Fixed a major problem with the computers at the office today. We currently have our users authentication handled by LDAP and their home directories stored in an NFS server. This is a pretty typical tried and tested scenario in many places.
Things were working fine for a while but for the past week or so, we started to experience mysterious problems. If only one person was logged in, everything was fine. But the moment another person logged into another machine, the NFS clients would hang and the server would experience 75% write disk activity.
Searching around suggested several remedies, none of which worked. A lot of the remedies were also particular to NFS3 only. However, after reading the man page for NFS4, we discovered that there was a problem with client address. Quoting the man page for nfs:
Specifies a single IPv4 address (in dotted-quad form), or a non-link-local IPv6 address, that the NFS client advertises to allow servers to perform NFS version 4 callback requests against files on this mount point. If the server is unable to establish callback connections to clients, performance may degrade, or accesses to files may temporarily hang.

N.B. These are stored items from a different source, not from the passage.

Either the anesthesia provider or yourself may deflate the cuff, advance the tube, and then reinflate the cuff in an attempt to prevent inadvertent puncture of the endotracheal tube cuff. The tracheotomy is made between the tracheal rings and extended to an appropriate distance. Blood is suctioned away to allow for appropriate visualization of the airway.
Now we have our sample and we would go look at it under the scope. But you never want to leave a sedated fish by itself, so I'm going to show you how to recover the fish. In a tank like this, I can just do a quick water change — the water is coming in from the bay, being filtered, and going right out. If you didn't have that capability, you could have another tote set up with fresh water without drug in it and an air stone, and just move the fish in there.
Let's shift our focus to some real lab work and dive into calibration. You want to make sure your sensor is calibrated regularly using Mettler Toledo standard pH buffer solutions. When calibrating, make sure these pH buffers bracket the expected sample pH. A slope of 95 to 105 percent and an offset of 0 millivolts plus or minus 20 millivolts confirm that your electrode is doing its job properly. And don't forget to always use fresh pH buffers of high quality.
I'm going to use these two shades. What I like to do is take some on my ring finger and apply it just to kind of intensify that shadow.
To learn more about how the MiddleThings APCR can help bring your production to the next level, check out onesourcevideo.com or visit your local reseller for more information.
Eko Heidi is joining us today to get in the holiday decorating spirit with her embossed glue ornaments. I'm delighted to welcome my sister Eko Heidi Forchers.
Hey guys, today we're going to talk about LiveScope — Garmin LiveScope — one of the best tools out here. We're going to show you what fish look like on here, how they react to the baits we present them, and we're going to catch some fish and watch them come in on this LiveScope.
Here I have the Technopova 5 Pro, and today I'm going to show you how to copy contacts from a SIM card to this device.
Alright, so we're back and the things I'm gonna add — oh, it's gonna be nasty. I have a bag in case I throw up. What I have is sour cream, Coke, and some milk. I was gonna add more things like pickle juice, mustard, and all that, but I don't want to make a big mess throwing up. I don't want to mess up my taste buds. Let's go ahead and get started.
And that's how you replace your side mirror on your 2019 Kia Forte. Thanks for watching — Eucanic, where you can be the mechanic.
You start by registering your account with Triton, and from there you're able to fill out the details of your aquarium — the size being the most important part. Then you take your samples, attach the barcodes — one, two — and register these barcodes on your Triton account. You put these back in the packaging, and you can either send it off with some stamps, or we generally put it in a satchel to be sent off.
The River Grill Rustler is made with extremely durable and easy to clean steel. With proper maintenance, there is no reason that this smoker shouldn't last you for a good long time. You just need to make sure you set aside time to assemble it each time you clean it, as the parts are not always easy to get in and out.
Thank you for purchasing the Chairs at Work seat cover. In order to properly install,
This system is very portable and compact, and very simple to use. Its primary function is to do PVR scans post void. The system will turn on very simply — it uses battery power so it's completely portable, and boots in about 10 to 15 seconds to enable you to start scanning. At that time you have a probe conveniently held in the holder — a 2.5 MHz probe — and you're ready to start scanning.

If this option is not specified, the mount(8) command attempts to discover an appropriate callback address automatically. The automatic discovery process is not perfect, however. In the presence of multiple client network interfaces, special routing policies, or atypical network topologies, the exact address to use for callbacks may be nontrivial to determine.
We do not yet rightly know how things changed recently but previously, the NFS4 clients reported the correct client IP address to the server. However, when we checked the current machines, they were all reporting a 0.0.0.0 address.
Adding the correct static IP address to /etc/fstab by using the clientaddr option solved the problem. Now, things are back to normal again.
Update: It turns out that it’s related to this bug-report.